Need help, please.

A copper wire (density = 8.96 g/cm^3) has a diameter of 0.25 mm. If a sample of this copper wire has a mass of 22 g, how long is the wire?

Thank you.

diameter = .025 cm

area = pi D^2/4= 4.91 * 10^-4 cm^2
so
4.91*10^-4 * L * 8.96 = 22
L = 5002 cm
or L = 50 meters

To find the length of the copper wire, you can use the formula for calculating the volume of a cylinder:

Volume = π * r^2 * h

where:
- π is a mathematical constant approximately equal to 3.14159
- r is the radius of the wire (which is half the diameter)
- h is the height or length of the wire

First, let's calculate the radius of the wire.

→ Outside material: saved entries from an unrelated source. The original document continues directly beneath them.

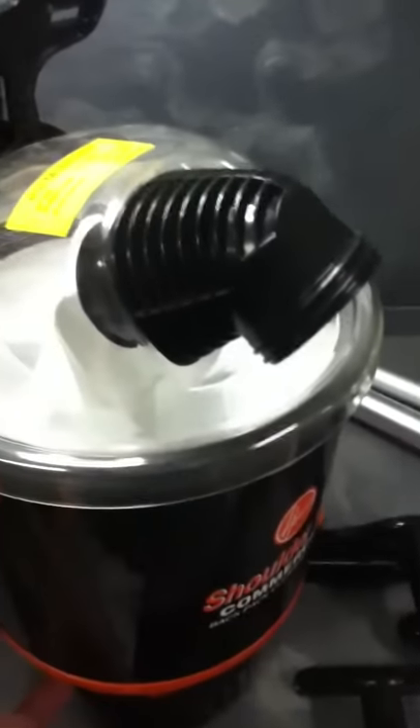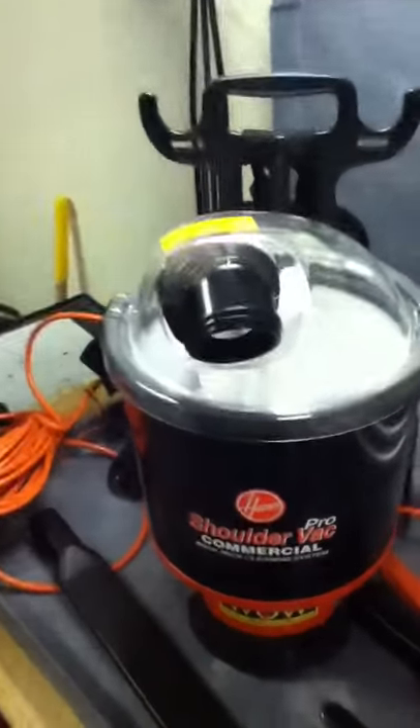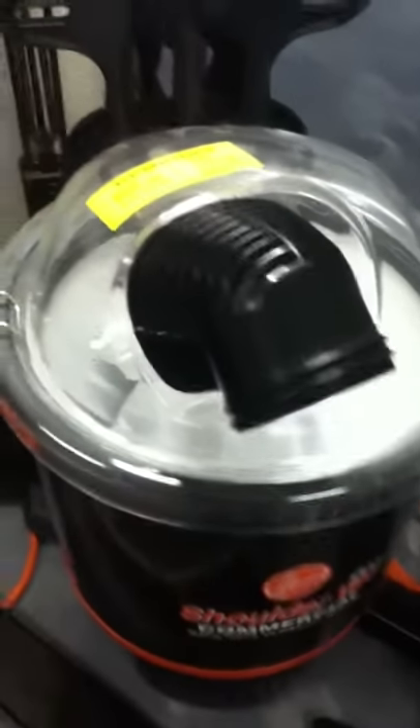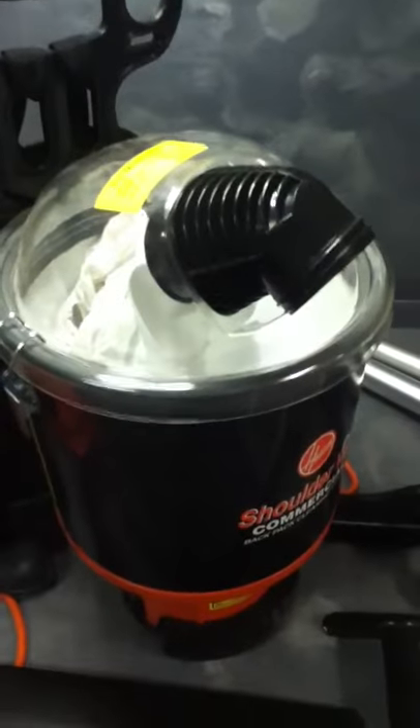It appears to be unused overstock and this thing really sucks. We let this thing run for like 10-15 minutes and didn't see any problems with it. It's unused overstock, so you'll see more specs and photos in the listing.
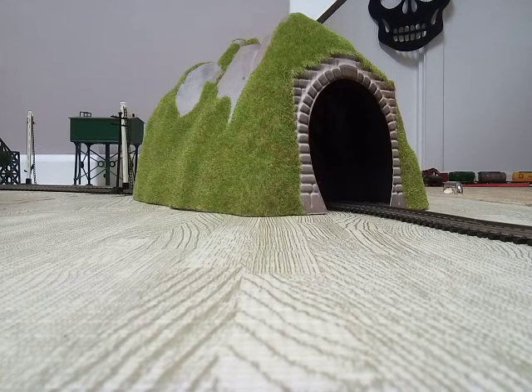They stop just on, or just after, the second radius curve.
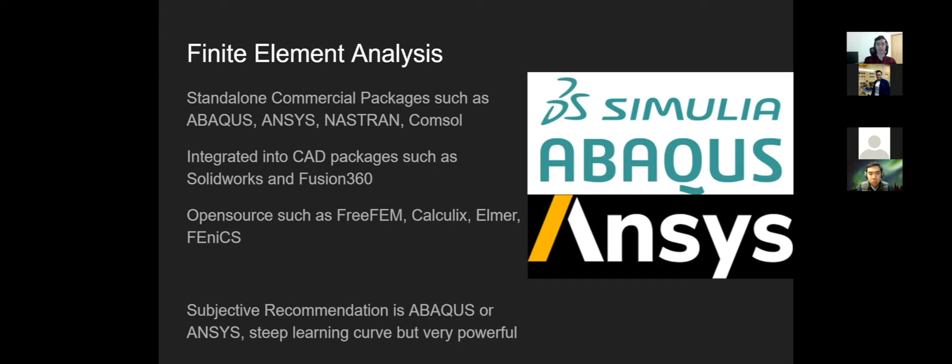For aerospace and satellites, Abaqus and Ansys are the gold standard — they're used commercially and are great resume items. If your university doesn't have a license, they're very expensive, so look at other options. For initial design, SolidWorks or Fusion 360 built-in FEA is fine, but it's less accurate and slower for final analysis. It's adequate for early-stage work, but not ideal for final verification.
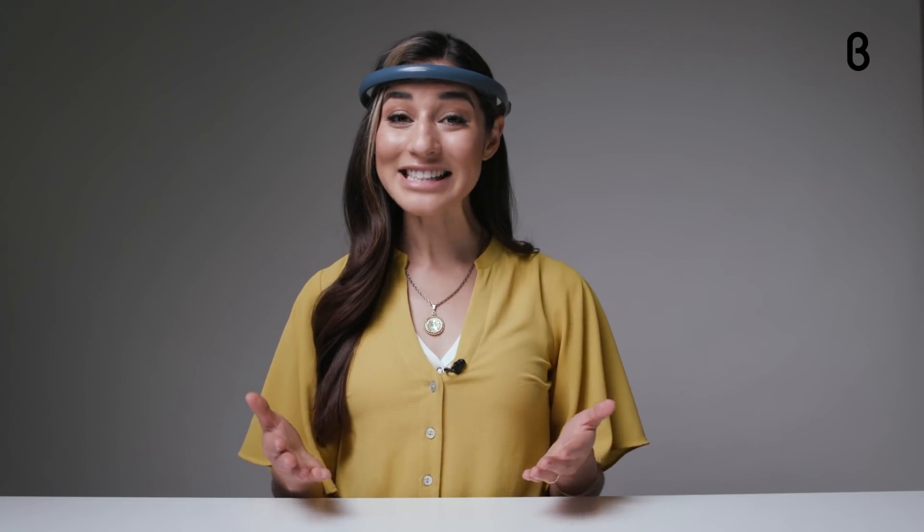Plus, I love being a part of its community of Olympic athletes, doctors, and Zen seekers who are all using their Focus Calm results to achieve a greater sense of well-being. Head on over to beta.com to get yours today.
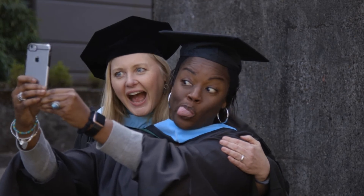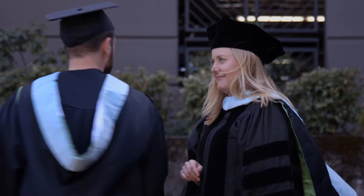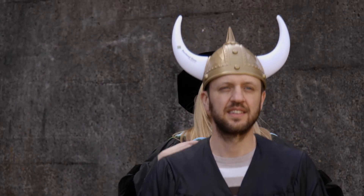No selfies. No hugging. Proper procedure. Improper regalia.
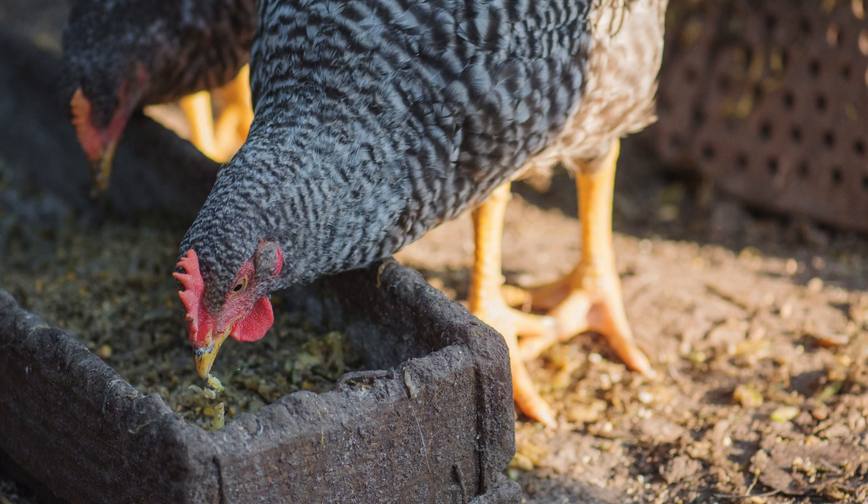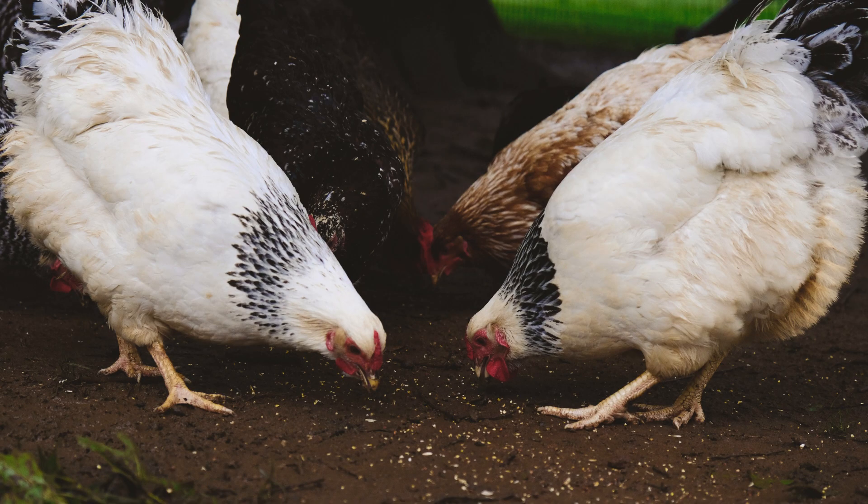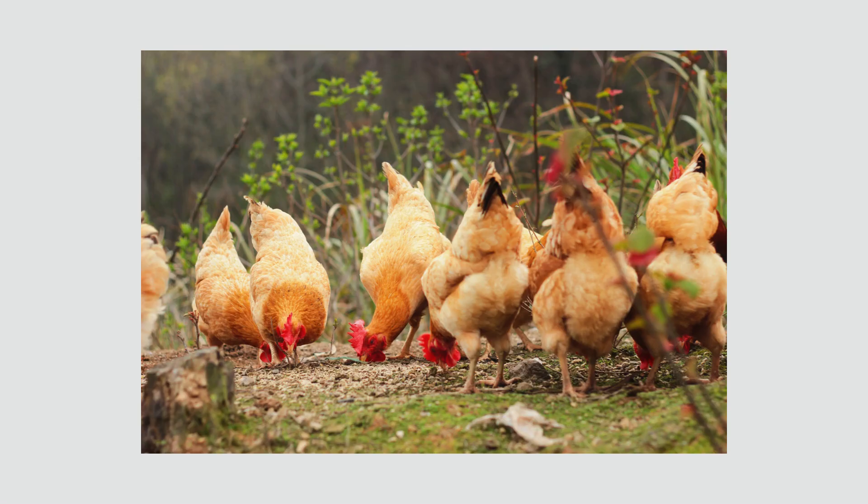Today I'm going to share with you a recipe from my website: DIY Chicken Vitamins. It's simple and fast, and best of all, you get to use up those eggshells from your flock. So let's get started.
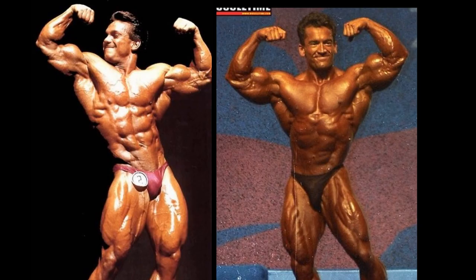Gasparri is actually able to tie things up here, in my opinion. I think the shadowing is playing some tricks, making his waist seem a little bit smaller, but what the heck. I don't think this is the best pose for Lee Labrada — perhaps his worst, and that's surprising because it looks pretty good. I could easily see how somebody could give this to Lee Labrada, but I'm going to edge out a victory here for Gasparri.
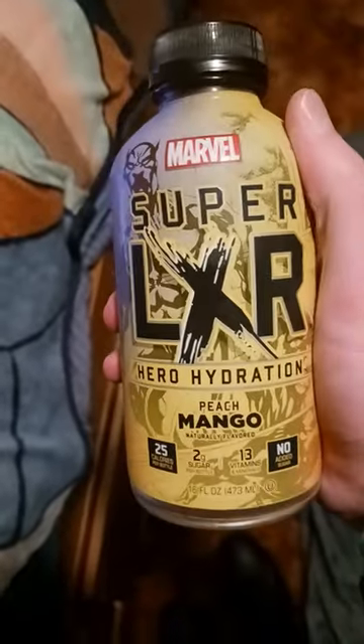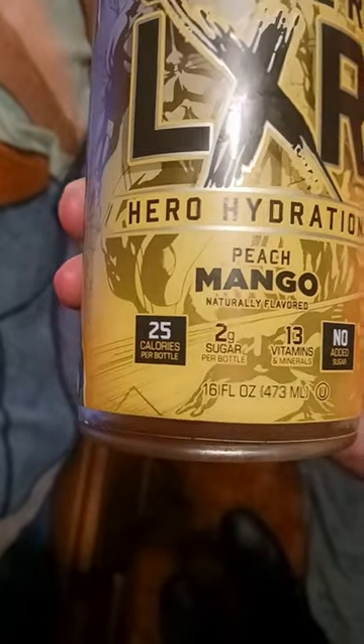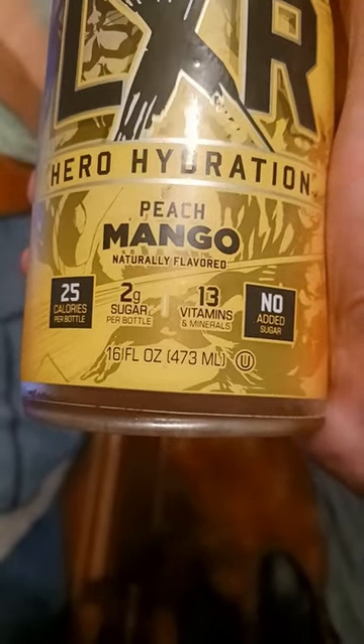It's been a while since we've done one of these, so today we got the Marvel Superlixer Hero Hydration Peach Mango, naturally flavored, 25 calories per bottle, 2 grams of sugar per bottle, 13 vitamins and minerals, no added sugar.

The diameter is given as 0.25 mm, so to find the radius:

Radius = diameter / 2 = 0.25 mm / 2 = 0.125 mm

Next, we need to convert the radius to centimeters as the density is given in g/cm^3. There are 10 mm in 1 cm, so:

Radius = 0.125 mm * (1 cm / 10 mm) = 0.0125 cm

Now, we can calculate the volume of the wire using the formula. The mass of the wire is given as 22 g, and the density is given as 8.96 g/cm^3. The density can also be expressed as mass per unit volume:

Density = mass / volume

Solving for volume:

Volume = mass / density = 22 g / 8.96 g/cm^3 = 2.4553571 cm^3

Now, we have the volume of the wire, and we can solve for the length. Rearranging the formula for volume:

Volume = π * r^2 * h

h = Volume / (π * r^2)

Substituting the values:

h = 2.4553571 cm^3 / (3.14159 * (0.0125 cm)^2)

Calculating the length:

h = 198.089674 cm

Therefore, the length of the copper wire is approximately 198.09 cm.